Make yourself employable so you can stop fearing layoffs

Layoffs are heart-breaking and difficult for everyone involved. But, it doesn’t have to be something you fear.


My first layoff experience was in college. As an intern my department got eliminated when the telecom bubble burst.


The experience opened my eyes to the limits of the comfort zone called a job. There was no safe haven, so I’d better stop pretending.


I never wanted to fear another layoff. I wanted to be prepared for anything. Here’s how I did it:


1. Be honest with yourself


Are you employable? Have your skills stayed current? Honestly assess where you're at in your career and whether you are continuing to grow.


If you don't like what you see, create an action plan to fix it.


2. Get out of your comfort zone


The comfort zone is our safe haven, but staying in your comfort zone impedes your growth.


Transfer to that new project with the new technology. Take the time to learn new technologies on your own. Start building a product you think you could sell.

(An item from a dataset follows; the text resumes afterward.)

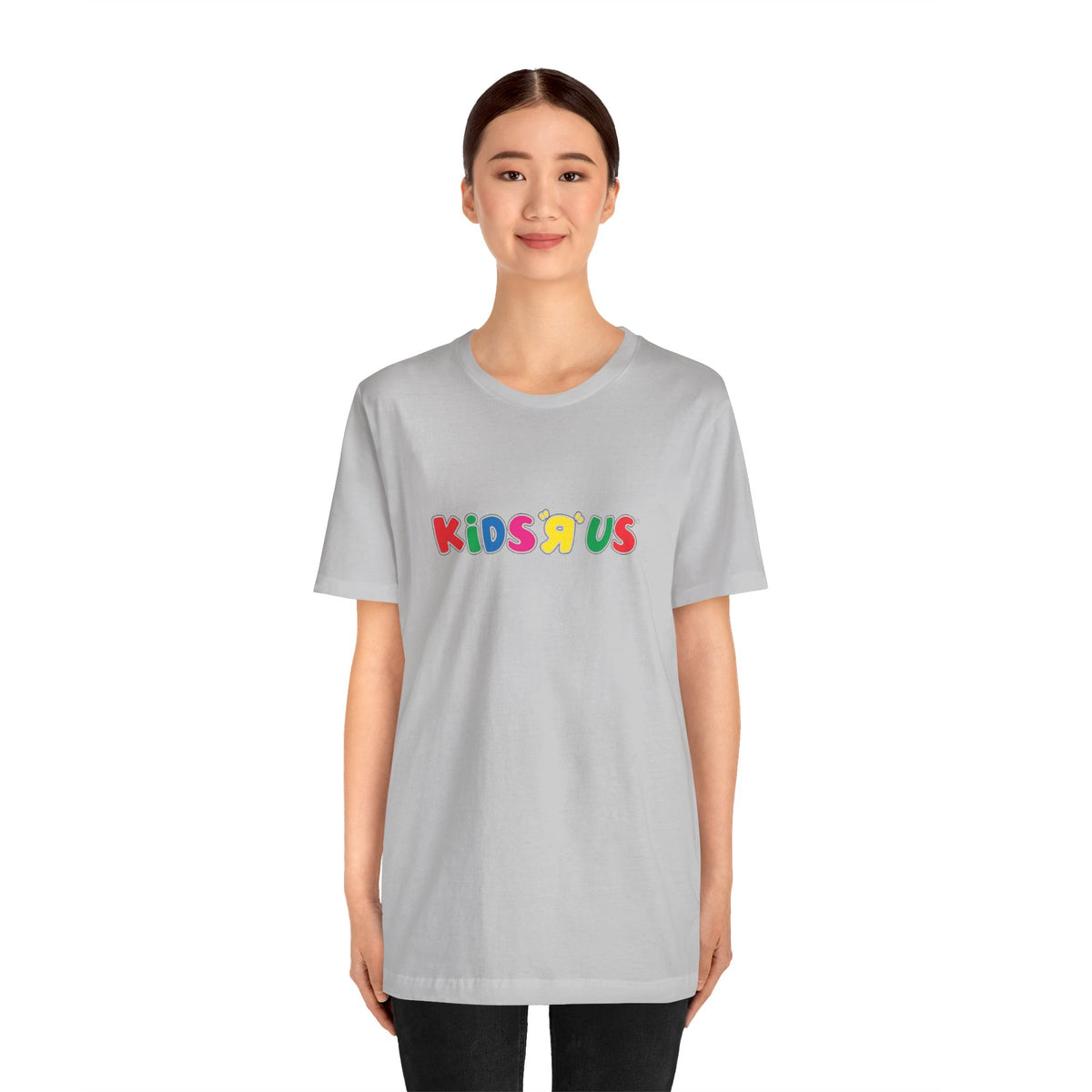 Kids R Us T-Shirt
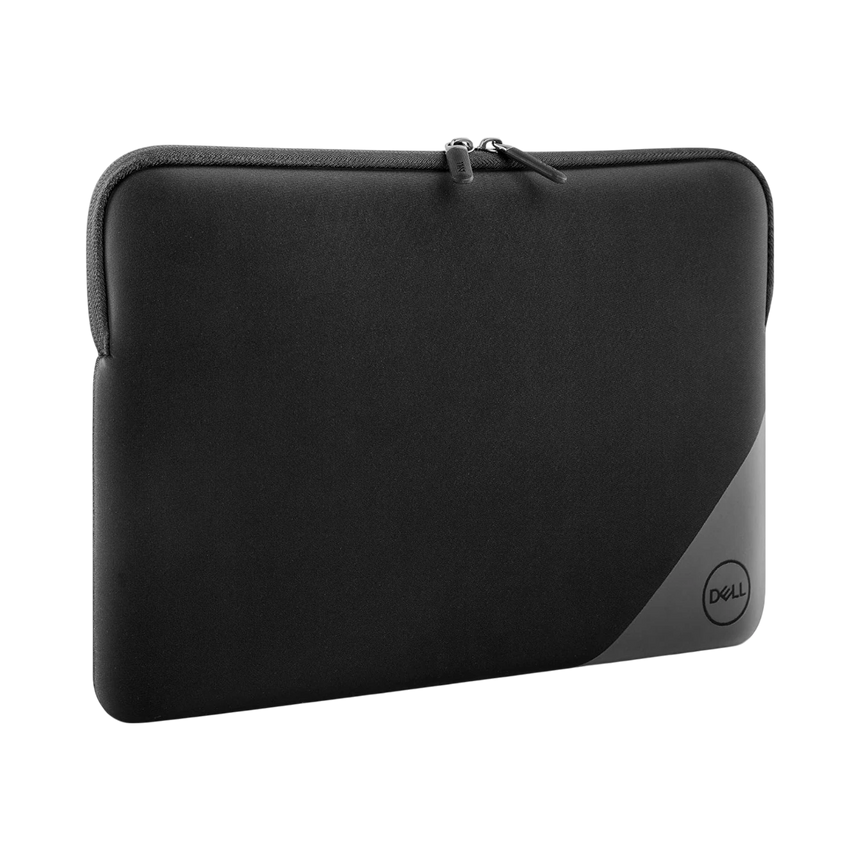 Dell Essential Sleeve 13" Water-Resistant Laptop Sleeve (Black) — Being Shipped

Learn, write about it, present, contribute, rinse, repeat.


3. Put the work in


Success in your career, your relationships, everything important in life, comes from putting in the work. When you’re at your job, give it your all.


I'm not saying you have to work 80 hours a week, but don’t be lazy. Stay off social media at work, limit the water cooler discussions, and get it done.


4. Never stop interviewing


Interviewing is a skill. Setting up at least a monthly phone screen or in-person interview will help keep you sharp.


Interviewing also helps you understand what you want and what skills are in-demand. Don’t burn bridges along the way by stringing a company along, but it never hurts to test the waters.


5. Build a professional online presence


You may have seen your LinkedIn feed explode with posts over the past few months from those impacted by the layoffs.


Those who have curated their online presence over the years have received significant responses and offers to help.


6. Keep networking


95% of the opportunities I’ve had have come from my network. Reach out to at least 2 previous or new contacts every week.


Actively build new connections and continue to stay on the radar of those you’ve worked with in the past.


7. Believe in yourself


It may be cliche, but you can do it. Believing in yourself is confidence, and that confidence shines through. It’s something everyone is naturally attracted to.


Confidence will help you sell your ideas to others, land jobs, get promotions, and generally feel better about yourself. But, it’s not free.


So remember…


No one is going to be confident in their job search when:

  • they've been doing the minimum to get by

  • their skills are outdated

  • they haven’t interviewed in years

  • they have a resume that looks unimpressive

  • they have no network to fall back on

You have our guide. Use it. You’ll never fear another layoff.